What you return must match the records word for word, except that images are dropped.

**Scraped caption text data:**
»»

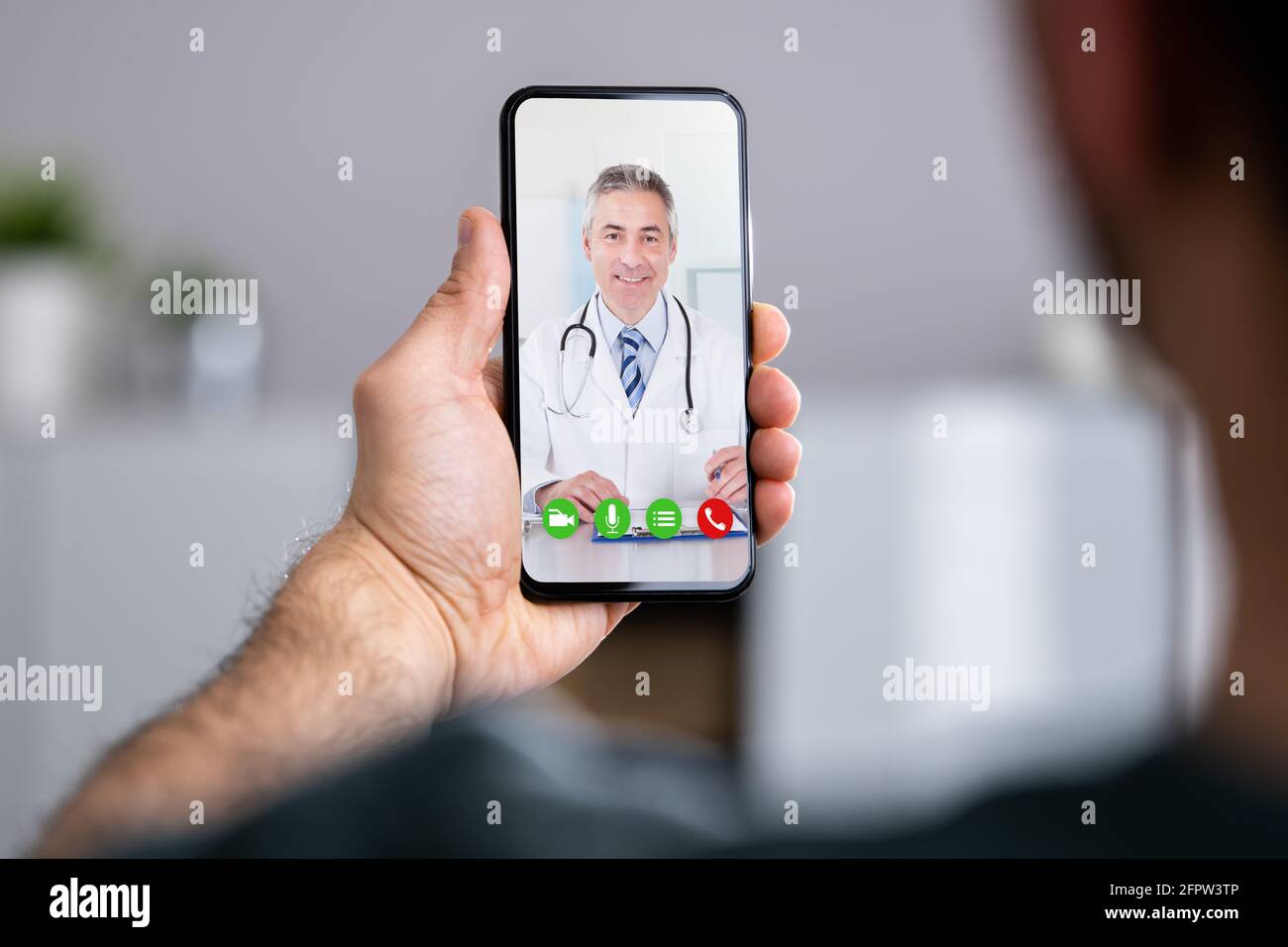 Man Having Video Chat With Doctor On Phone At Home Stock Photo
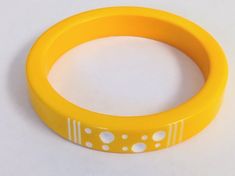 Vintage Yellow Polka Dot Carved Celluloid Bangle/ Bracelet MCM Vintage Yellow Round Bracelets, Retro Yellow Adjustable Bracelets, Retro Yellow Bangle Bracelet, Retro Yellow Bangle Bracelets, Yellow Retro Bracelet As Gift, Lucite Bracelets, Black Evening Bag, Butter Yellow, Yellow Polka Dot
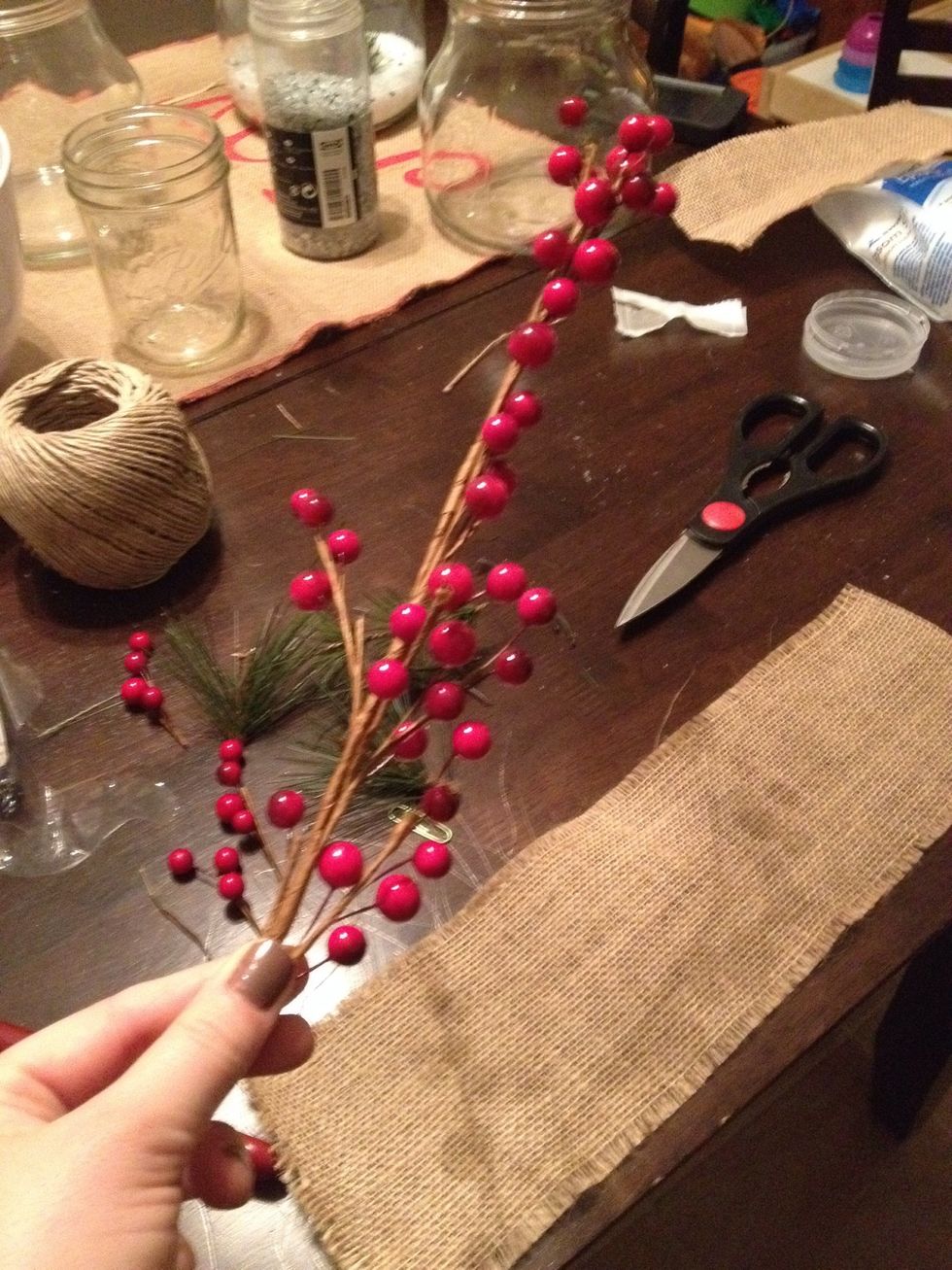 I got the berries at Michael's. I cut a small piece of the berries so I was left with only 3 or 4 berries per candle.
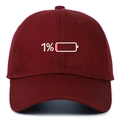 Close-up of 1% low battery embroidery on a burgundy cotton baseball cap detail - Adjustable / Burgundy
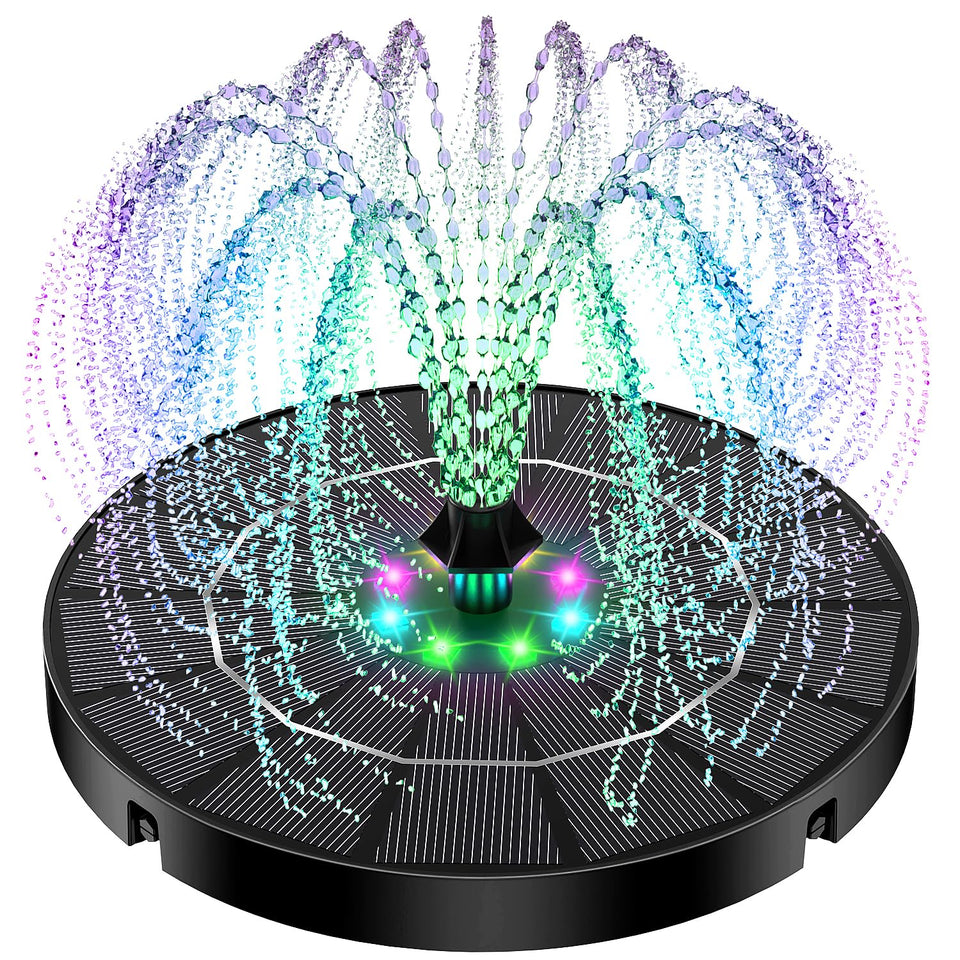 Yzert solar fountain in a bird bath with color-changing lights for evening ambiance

««

**YOUR RESPONSE:**
 Man Having Video Chat With Doctor On Phone At Home Stock Photo
 Vintage Yellow Polka Dot Carved Celluloid Bangle/ Bracelet MCM Vintage Yellow Round Bracelets, Retro Yellow Adjustable Bracelets, Retro Yellow Bangle Bracelet, Retro Yellow Bangle Bracelets, Yellow Retro Bracelet As Gift, Lucite Bracelets, Black Evening Bag, Butter Yellow, Yellow Polka Dot
 I got the berries at Michael's. I cut a small piece of the berries so I was left with only 3 or 4 berries per candle.
 Close-up of 1% low battery embroidery on a burgundy cotton baseball cap detail - Adjustable / Burgundy
 Yzert solar fountain in a bird bath with color-changing lights for evening ambiance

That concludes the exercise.